RECORDS TO PROCESS:
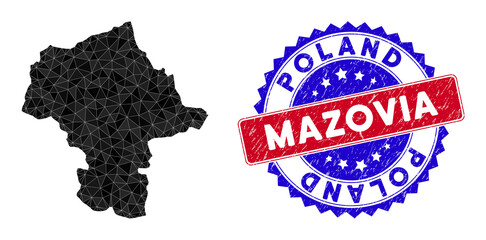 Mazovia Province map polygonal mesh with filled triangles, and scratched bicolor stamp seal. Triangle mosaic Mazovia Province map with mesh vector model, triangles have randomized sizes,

...

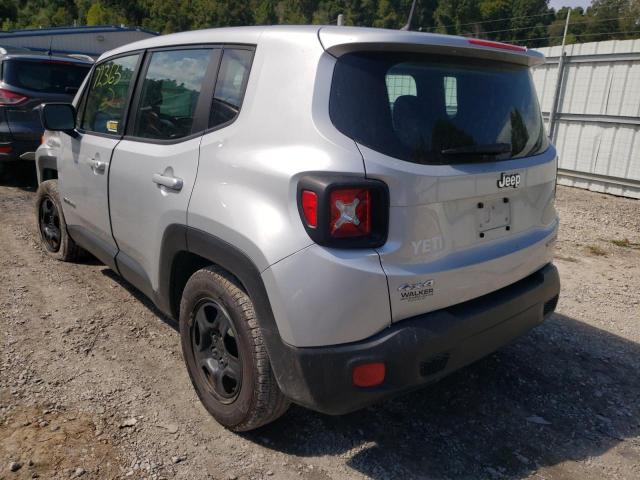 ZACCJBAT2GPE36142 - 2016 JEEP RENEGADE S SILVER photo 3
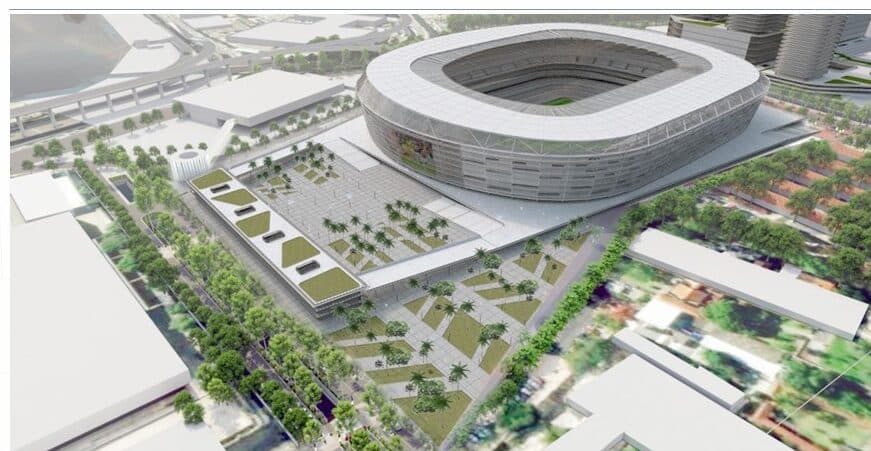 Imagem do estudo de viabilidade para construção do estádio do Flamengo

...

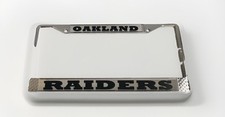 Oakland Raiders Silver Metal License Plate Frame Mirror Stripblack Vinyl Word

TASK DIRECTIONS: In the listing above, find the line containing "ZACCJBAT2GPE36142 - 2016" and the line containing "Imagem do estudo". Print those two lines and every line between them exactly, with no pictures.

SOLUTION FOR THIS PROBLEM:
 ZACCJBAT2GPE36142 - 2016 JEEP RENEGADE S SILVER photo 3
 Imagem do estudo de viabilidade para construção do estádio do Flamengo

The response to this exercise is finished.